Just when you think things can’t get any worse, Trump manages to find a new rock to slither under to disgrace himself and his administration.
As The Washington Post reported on Friday, Trump and his advisers are treating the fate of the North Korea prisoners as a cliffhanger.
“As he has sought to build anticipation for his high-stakes summit with Kim Jong Un,” Trump has done his best to create media hype, delighting “in dropping tantalizing hints about where the meeting will take place… and what can be achieved – perhaps a peace treaty.”
Continuing, The Washington Post reported that:
This week, the president, without direct prompting, casually raised another possibility, noting on Twitter that three Americans prisoners have been held in a North Korean labor camp. But, he suggested in a tweet, that could soon change: “Stay tuned!”
Stay tuned. Who knows? We’ll see what happens. The president often uses such phrases to hype dramatic possibilities, even if some of them might not pan out or might fall short of his grand pronouncements.
The Washington Post went on to explain that Trump’s callous need for media attention is needlessly putting the lives of those prisoners at risk.
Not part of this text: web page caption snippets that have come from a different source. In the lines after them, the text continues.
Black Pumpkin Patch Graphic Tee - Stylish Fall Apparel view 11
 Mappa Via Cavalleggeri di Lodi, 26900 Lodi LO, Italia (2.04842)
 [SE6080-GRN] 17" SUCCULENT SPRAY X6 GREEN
[I]n the case of the prisoners, Trump and some key surrogates have again shattered long-standing Washington protocols by speaking so openly about delicate negotiations on American detainees, potentially risking a last-minute setback or coming across as insensitive to the privacy of their families, according to former U.S. diplomatic and intelligence officials.
“I think it is pretty obvious to anyone who has ever spent five minutes negotiating with the North Koreans that you do not announce things that have not happened,” said Christopher Hill, a former State Department official who led the U.S. delegation in the six-party talks with Pyongyang during the George W. Bush administration.
“I understand they take pride in doing things differently,” Hill said of Trump’s team. “But this is serious business — people’s lives are at stake. It just takes a little bit of discipline.”
[…]
Joseph Yun, who as the State Department’s former point man on North Korea brought [another prisoner, American college student Otto] Warmbier home to Ohio, said Thursday on CNN that administration officials talking about the three Americans publicly could jeopardize efforts to free them.
According to The Washington Post, there is another problem with Trump’s handling of the prisoners – all his media hype could in turn give Kim Jong Un leverage to use against him when the two men meet in a few weeks.
Foreign policy experts said it is likely the North will release them as a goodwill gesture. However… speaking publicly about their fate could make the hostages a more important leverage point for Kim.
“The more public you make it and the more you say something is going to happen that has not happened, it creates leverage for no reason,” said Jung Pak, a former CIA official who now works as an Asia analyst for the Brookings Institution. “It’s not going to get us anything, and it draws criticism that you are politicizing the detainees.”
The Washington Post concluded their analysis of the situation, quoting Jung Pak.
“When we talk about North Korea, in general, we tend to forget we’re talking about people, and these abductees have families who have been anxiously awaiting their return and are only relying on governments to do that,” said Pak, the former intelligence official. “It would be best to be circumspect in discussions like this. We’re talking about real lives.”